2. Description of Related Art
Porous filter blocks made of carbon for filtering liquids, such as water, are widely used in industries that depend on filtration. The typical shape of such filter blocks, although others are certainly possible, is a hollow cylinder, in which the liquid enters through a center cavity and diffuses outwardly through the porous cylinder. The carbon (as well other ingredients that may be added for specificity) is distributed more or less uniformly through the cylinder by binding it to polymeric particles of various types.

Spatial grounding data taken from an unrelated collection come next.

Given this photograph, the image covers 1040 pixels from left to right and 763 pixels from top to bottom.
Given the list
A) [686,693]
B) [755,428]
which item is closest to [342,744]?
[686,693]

The general process of manufacturing such carbon filter blocks is to prepare a thoroughly mixed powder consisting of carbon particles and the polymer or polymers of interest. The size of the particles and the specific molecular species of the polymer may vary, as well as the relative proportions, according to the required filtration performance desired. The mixture is placed into a mold by manual or automatic filling means, compacted by pressure or vibration, and then heated. The temperature of the mixture must be brought to just that temperature at which the polymer becomes “sticky”, but does not otherwise change its properties. This temperature, called in the art the “vicat” temperature, may vary according to the polymeric species. At the vicat, the carbon becomes attached to the surface of the polymer particles, and the polymer particles to each other, so that upon cooling a solid, yet porous block is formed. Precise control of the temperature is critical: too low of a temperature and the polymers will not bind the matrix; too high of a temperature, and the polymers may melt, burn, de-polymerize, or otherwise become unsuited for the desired filtration purpose. Those skilled in the art will recognize that the mixture constitutes a material with a very low conductivity for heat; it is in fact more nearly an insulator. Therefore, the prior art heating and cooling process will be slow, and also difficult to control precisely if done by external heating of the mold.

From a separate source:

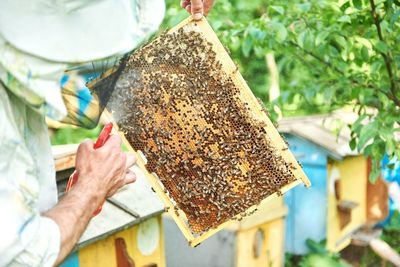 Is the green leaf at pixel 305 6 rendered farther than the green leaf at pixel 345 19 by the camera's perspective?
Yes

The most common method of manufacture for sintered carbon block is oven heating the base materials in a mold. The advantage of this method is relative simplicity; the disadvantage is the long process cycle time. This method uses individual steel molds, heated in a furnace to the vicat temperature, then removed and cooled to a point where the block can be removed from the mold. The heating process is slow, typically 30–60 minutes, with a similar cool down time. This time is controlled by the heat transfer rate through the mold structure and then through the carbon-binder mixture. Increasing the furnace temperature to increase the heat transmission rate is limited by the requirement that the binder particles not be damaged, as previously discussed.
A second common prior art method is to use a mold that includes a surrounding jacket containing a heated fluid or gas such as oil, steam, a fluorocarbon, or other hot gases. This method is also limited by the slow rate of heat transfer through the jacket wall into the mold, and then through the poorly conducting mixture. As in the oven method, heating is by conductive heat transfer through a low conductivity material. Process cycle times are about the same as in the oven method, although temperature limits can be controlled more precisely, especially if saturated steam is used. Introducing heat from a hot fluid from all sides of the mold simultaneously offers some improvement in process time.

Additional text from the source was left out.